Phase aggregation and morphology effects on nanocarbon optoelectronics

Controllable morphology and interfacial interactions within bulk heterojunction nanostructures show significant effects on optoelectronic device applications. In this study, a nanocarbon heterojunction, consisting of single-walled carbon nanotubes (s-SWCNTs) and fullerene derivatives, is reported by assembling/blending its structures through solution-based processes. A uniform and dense graphene oxide hole transport layer is used to facilitate the photoconversion at a near infrared (NIR) wavelength. Effective interfacial interaction between the s-SWCNTs and fullerene is suggested by the redshifted photoabsorption and nanoscale/micron-scale fluorescence, which is associated with self-assembled nanocarbon morphology.

Characterizing Hydrogen-Bond Interactions in Pyrazinetetracarboxamide Complexes: Insights from Experimental and Quantum Topological Analyses

Experimental and topological analyses of dipalladium(II) complexes with pyrazinetetracarboxamide ligands containing tetraethyl (1), tetrahexyl (2), and tetrakis(2-hydroxyethyl) ethyl ether (3) are described.
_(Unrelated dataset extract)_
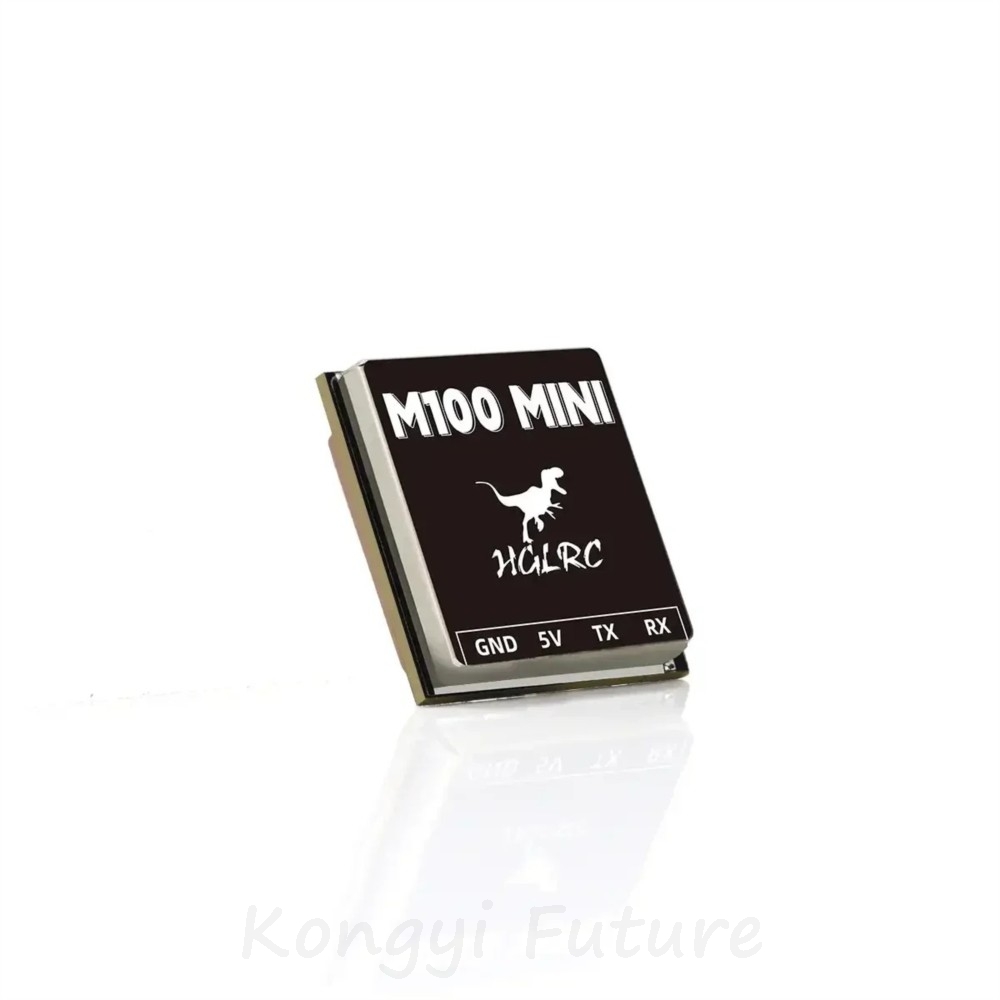 HGLRC M100 MINI M10 GPS Module - огляд і ціна Drone Kit Long Range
The presence of two very short O---O distances between adjacent amide carbonyl groups in the pincer complexes revealed two protons, which necessitated two additional anions to satisfy charge requirements. The results of the crystal structures indicate carbonyl O---O separations approaching that of low barrier hydrogen bonds, ranging from 2.413(5) to 2.430(3) Å. Solution studies and quantum topological analyses, the latter including electron localization function, noncovalent interaction, and Baders quantum theory of atoms in molecules, were carried out to probe the nature of the short hydrogen bonds and the influence of the ligand environment on their strength. Findings indicated that the ligand field, and, in particular, the counterion at the fourth coordination site, may play a subtle role in determining the degree of covalent association of the bridging protons with one or the other carbonyl groups.